> [What this task involves]: Could the lines from the start of the data through the line with "Crown lengthening Package" be set down exactly, with no pictures among them?

++++++++++++++++++++

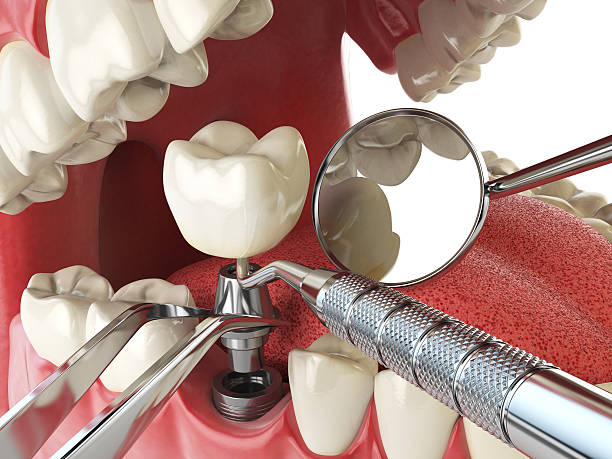 Best Cosmetic Emergency Dentistry in Chester Gap, VA
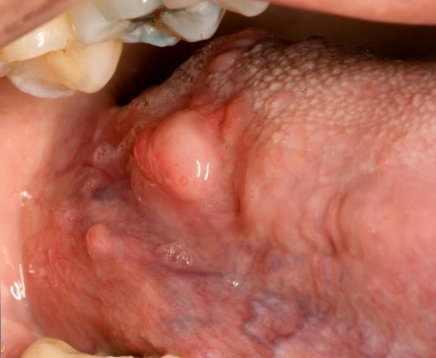 <p>enlargement of lymphoid tissue that appears yellowish</p>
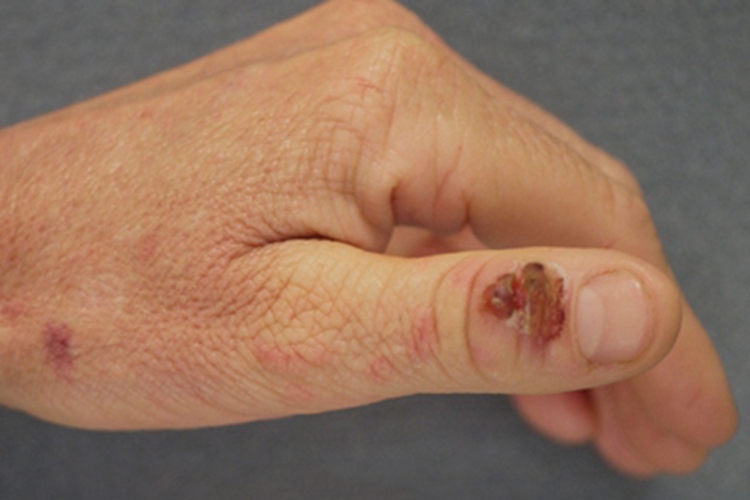 羊痘手指有红色结痂图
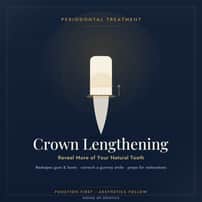 Crown lengthening Package at House of Dontics Dental Clinic in Ahmedabad, India , Ahmedabad, India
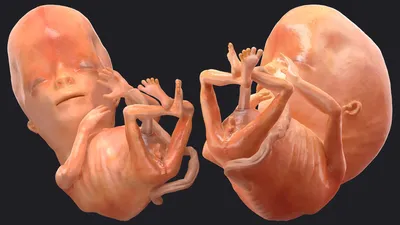 [69+] Эмбрион человека 12 недель фото фото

++++++++++++++++++++

> [Task answer]:
 Best Cosmetic Emergency Dentistry in Chester Gap, VA
 <p>enlargement of lymphoid tissue that appears yellowish</p>
 羊痘手指有红色结痂图
 Crown lengthening Package at House of Dontics Dental Clinic in Ahmedabad, India , Ahmedabad, India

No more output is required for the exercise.